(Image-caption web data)
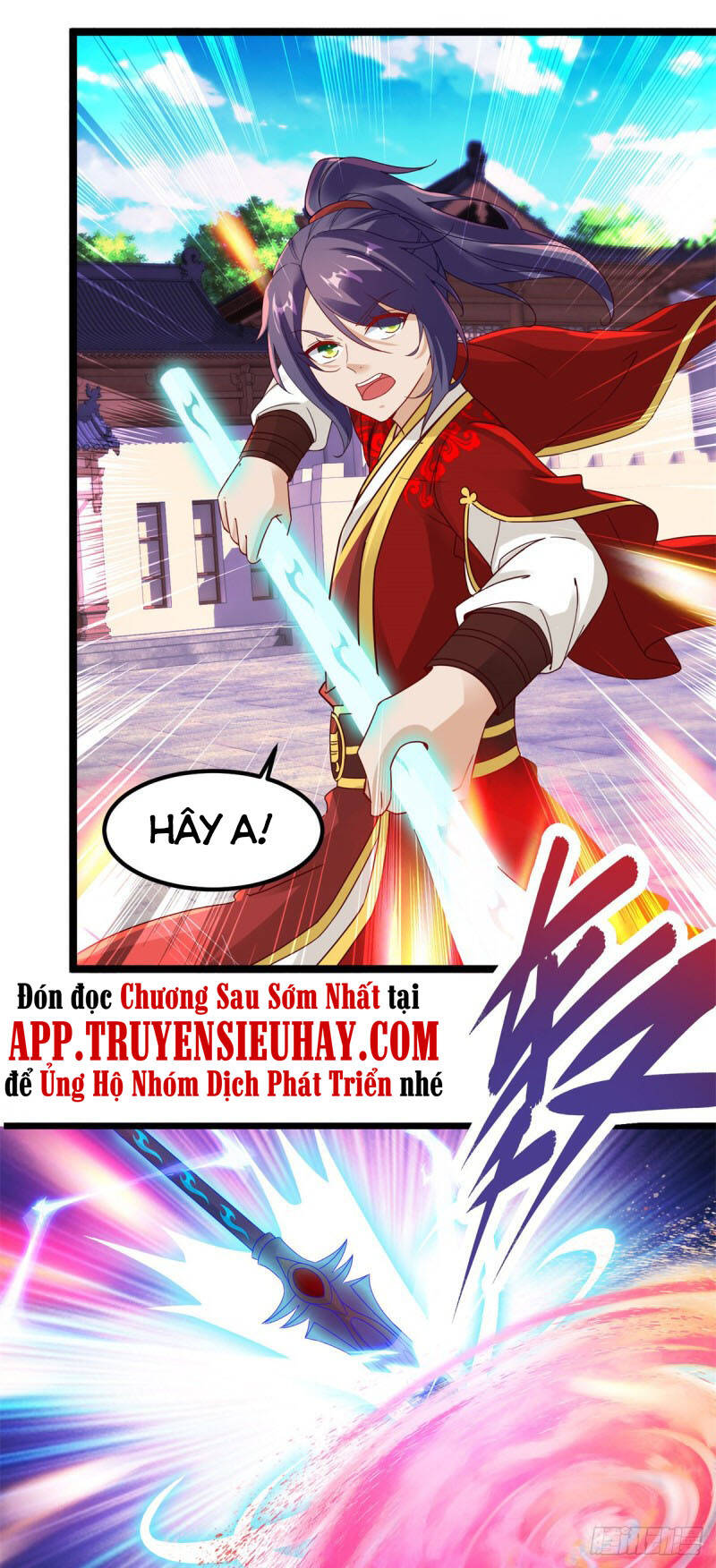 Thần Hồn Võ Đế Chapter 109 - 2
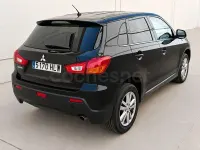 Usado Mitsubishi ASX 116 CV (85 kW) 2012 Negro SUV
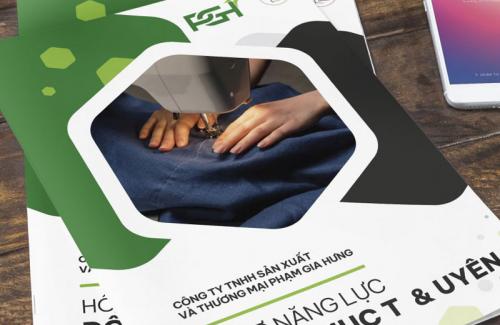 6 lý do tại sao doanh nghiệp cần thiết kế hồ sơ năng lực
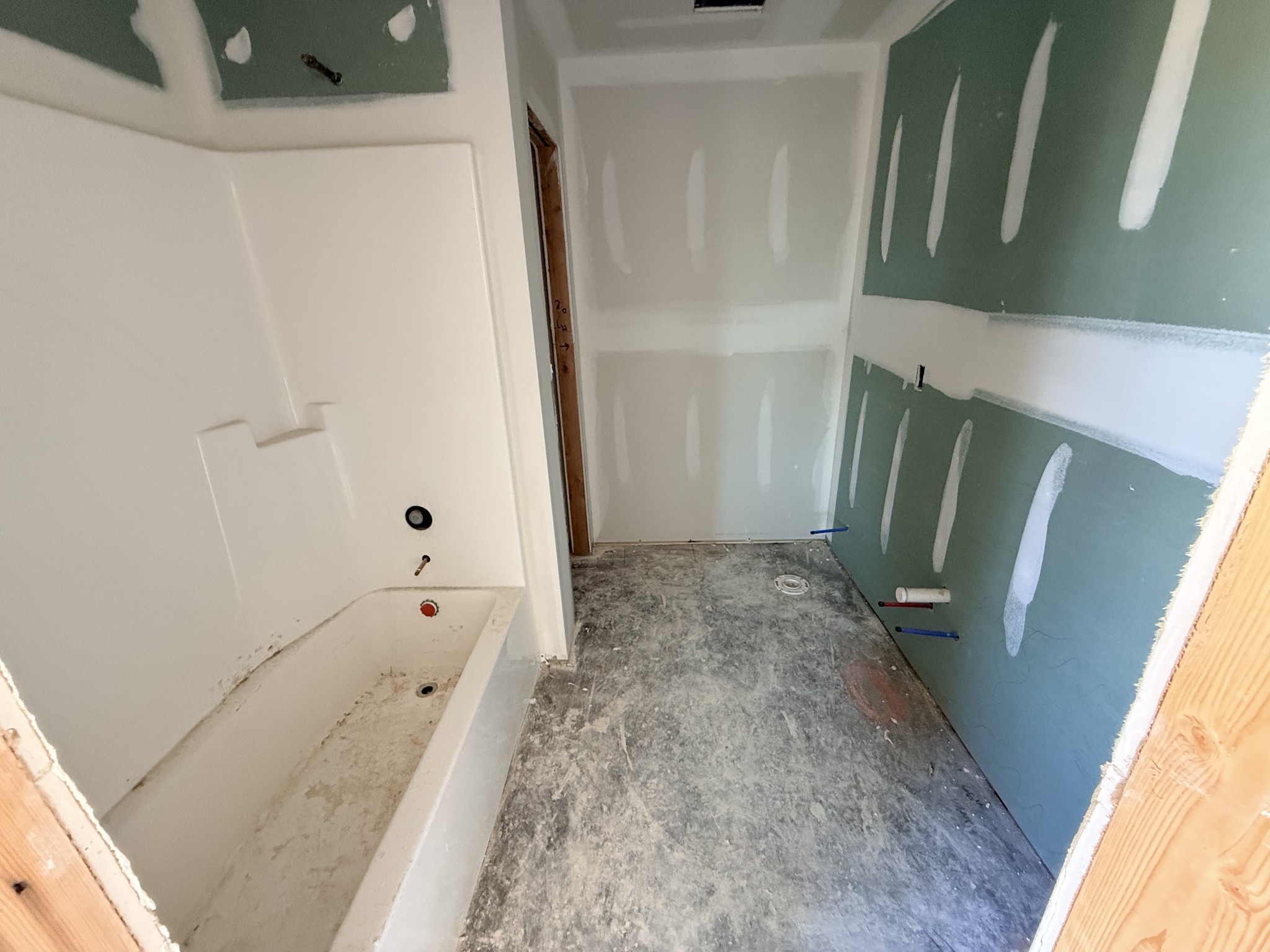 384 Ridge Street Manchester, TN 37355 - Photo 12 of 21 a view of bathroom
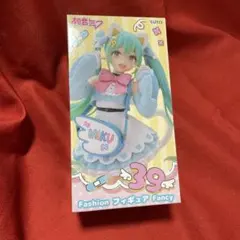 初音ミク fashionフィギュア Fancy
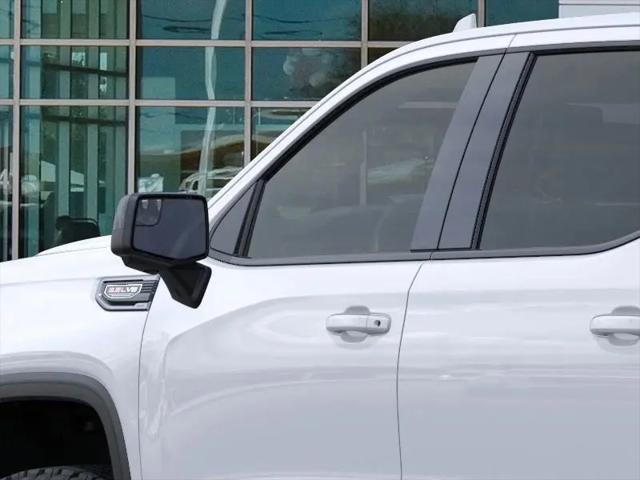 2026 GMC Sierra 1500 Crew Cab, Short Bed, AT4, 4WD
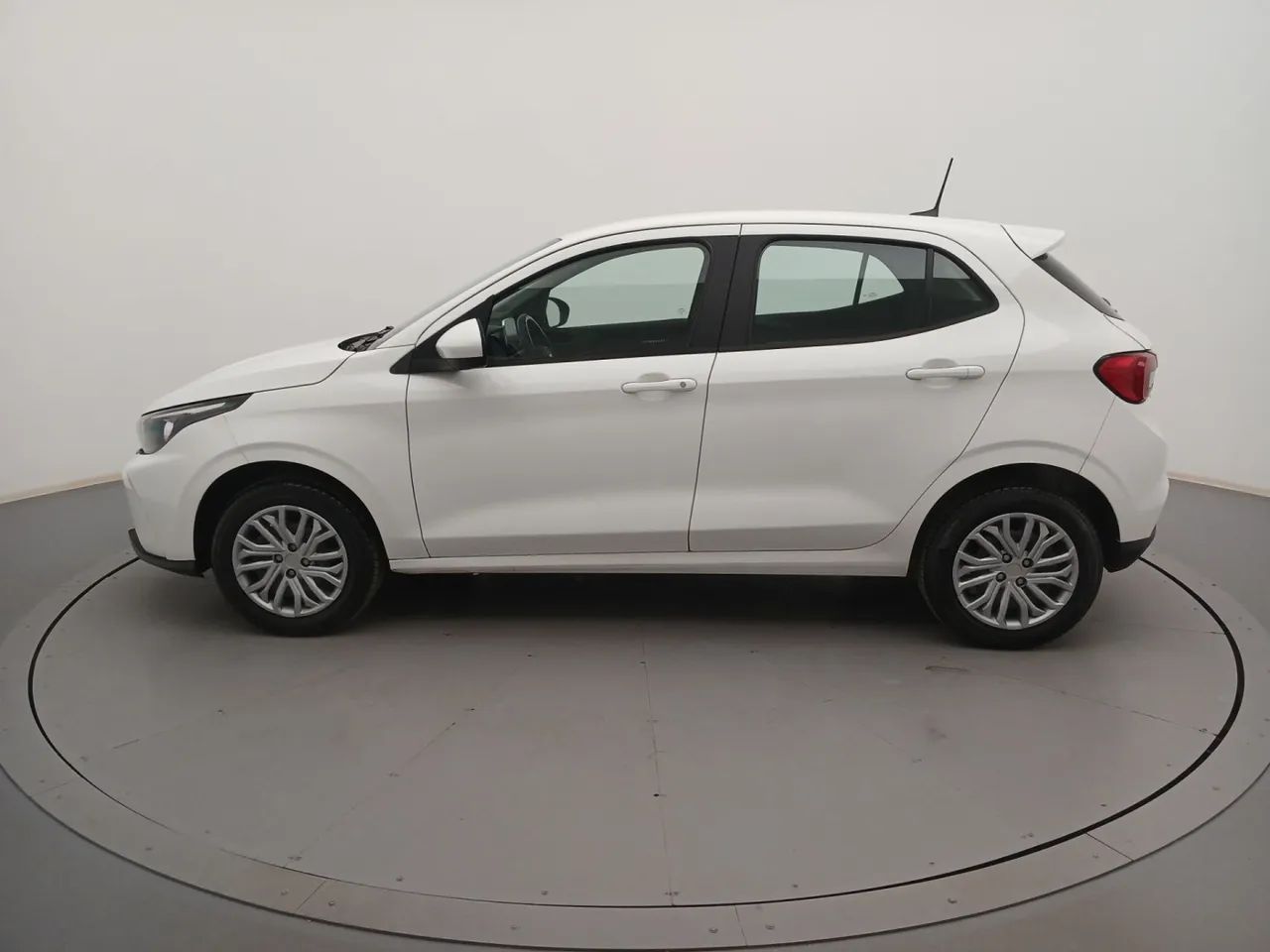 Fiat Argo 2024 1.0 firefly flex drive manual - Foto 2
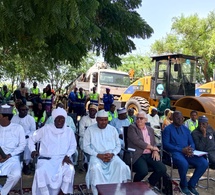 Tchad : La CRT, le CRF et l’AFD appuient la commune de N’Djamena dans la lutte contre les inondations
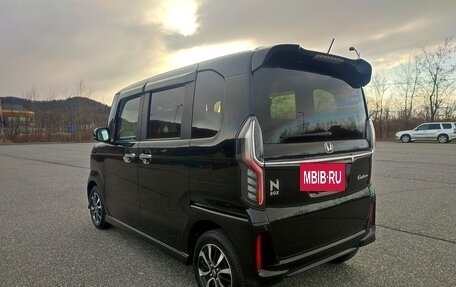 Honda N-BOX II, 2018 год, 1 055 000 рублей, 31 фотография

Task description
Reproduce precisely the lines of the entries above, from the one containing "初音ミク fashionフィギュア Fancy" through the final one, both ends included, and omit the pictures.

Problem solution
 初音ミク fashionフィギュア Fancy
 2026 GMC Sierra 1500 Crew Cab, Short Bed, AT4, 4WD
 Fiat Argo 2024 1.0 firefly flex drive manual - Foto 2
 Tchad : La CRT, le CRF et l’AFD appuient la commune de N’Djamena dans la lutte contre les inondations
 Honda N-BOX II, 2018 год, 1 055 000 рублей, 31 фотография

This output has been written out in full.